WHAT IS EXPECTED:
Please give an exact printout of the records, without any pictures.

DATA EXTRACT:
---
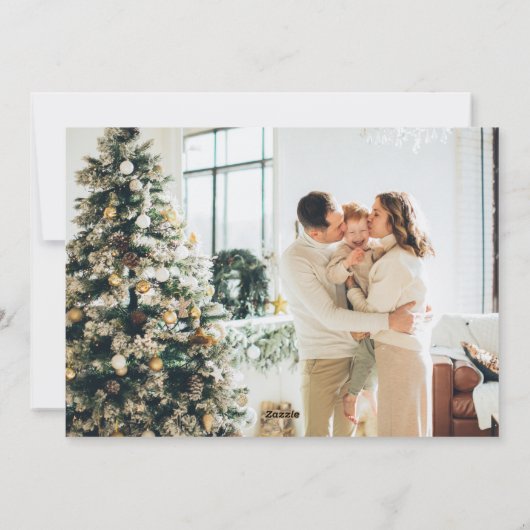 クリスマスヴィンテージ赤い植物緑2枚の写真 シーズンカード (裏面)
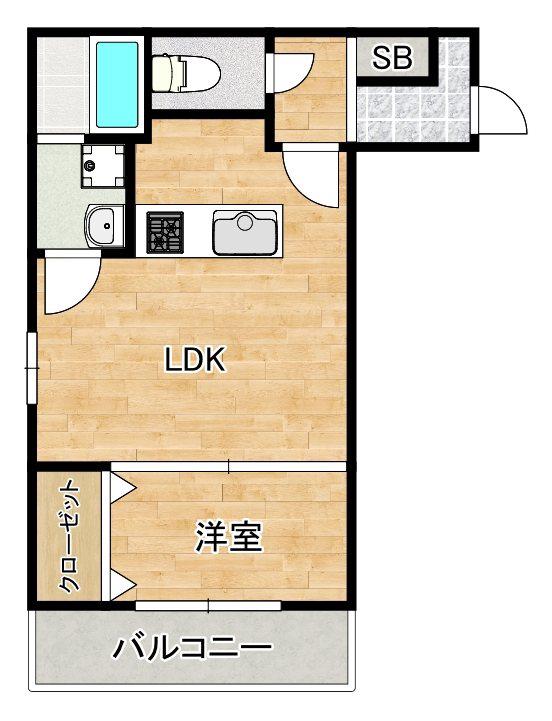 フェリーチェ泉大津(1LDK/3階)の間取り写真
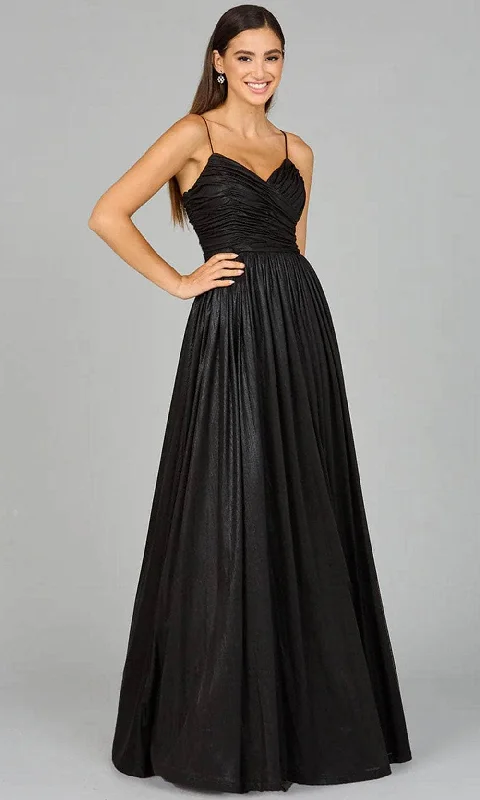 Lara Dresses 8120 - Metallic A-Line Evening Gown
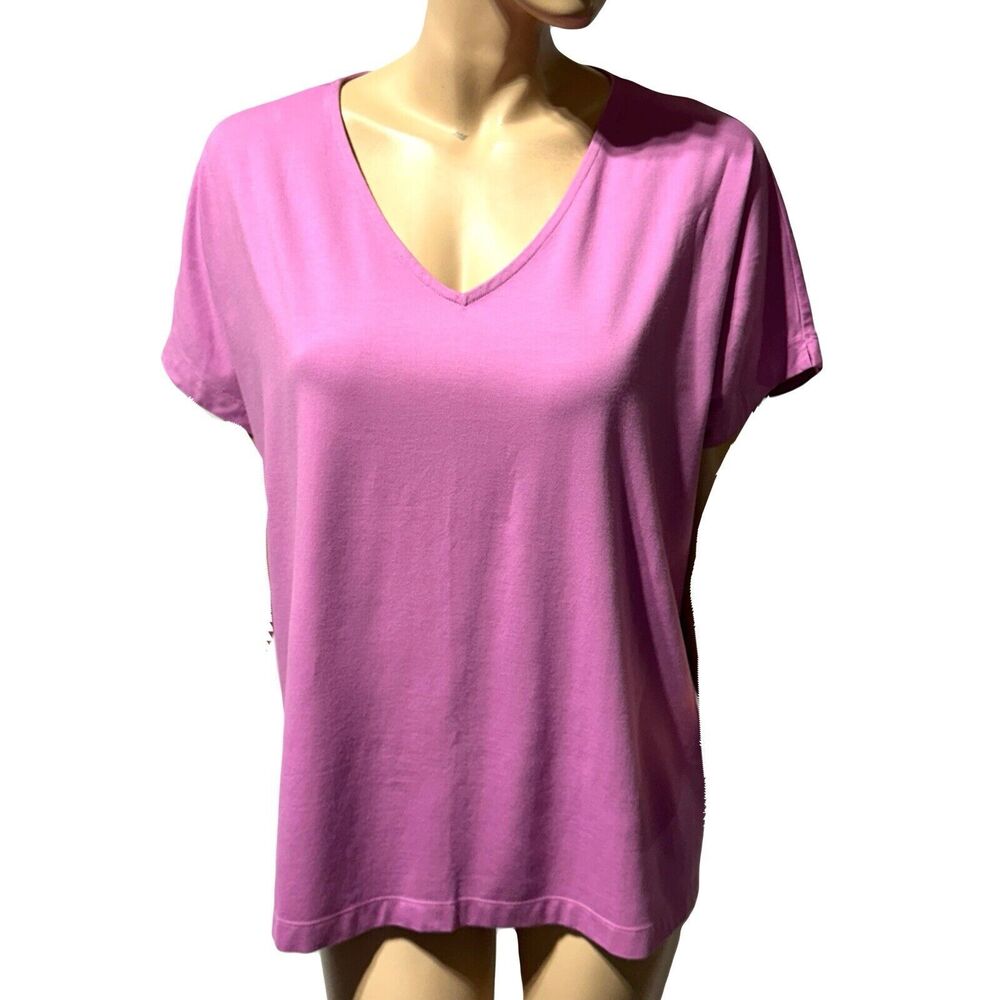 J.Jill Luxe Supima Easy Tee Size XL Womens Top Pink Petunia Boxy V-Neck NWT - Picture 2 of 9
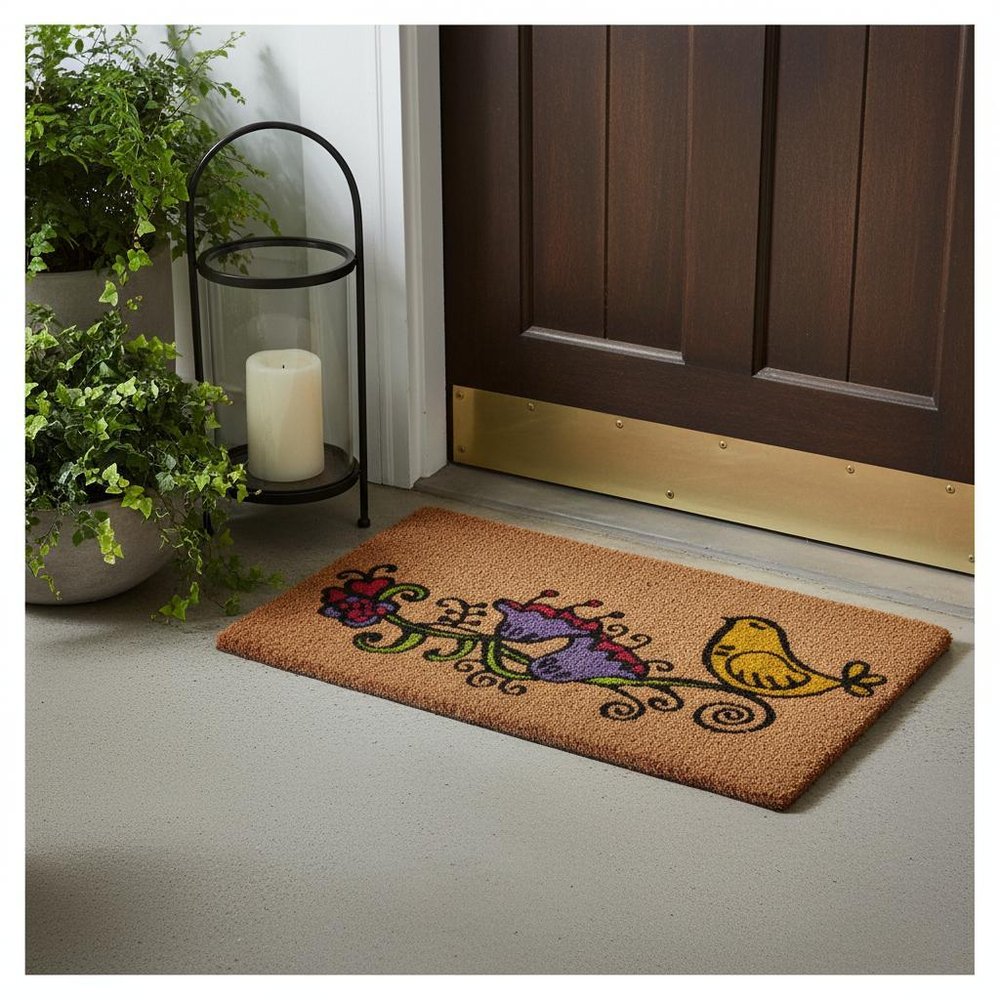 18" X 30" Brown and Black Coir Floral Outdoor Door Mat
---
WRITTEN RESPONSE:
 クリスマスヴィンテージ赤い植物緑2枚の写真 シーズンカード (裏面)
 フェリーチェ泉大津(1LDK/3階)の間取り写真
 Lara Dresses 8120 - Metallic A-Line Evening Gown
 J.Jill Luxe Supima Easy Tee Size XL Womens Top Pink Petunia Boxy V-Neck NWT - Picture 2 of 9
 18" X 30" Brown and Black Coir Floral Outdoor Door Mat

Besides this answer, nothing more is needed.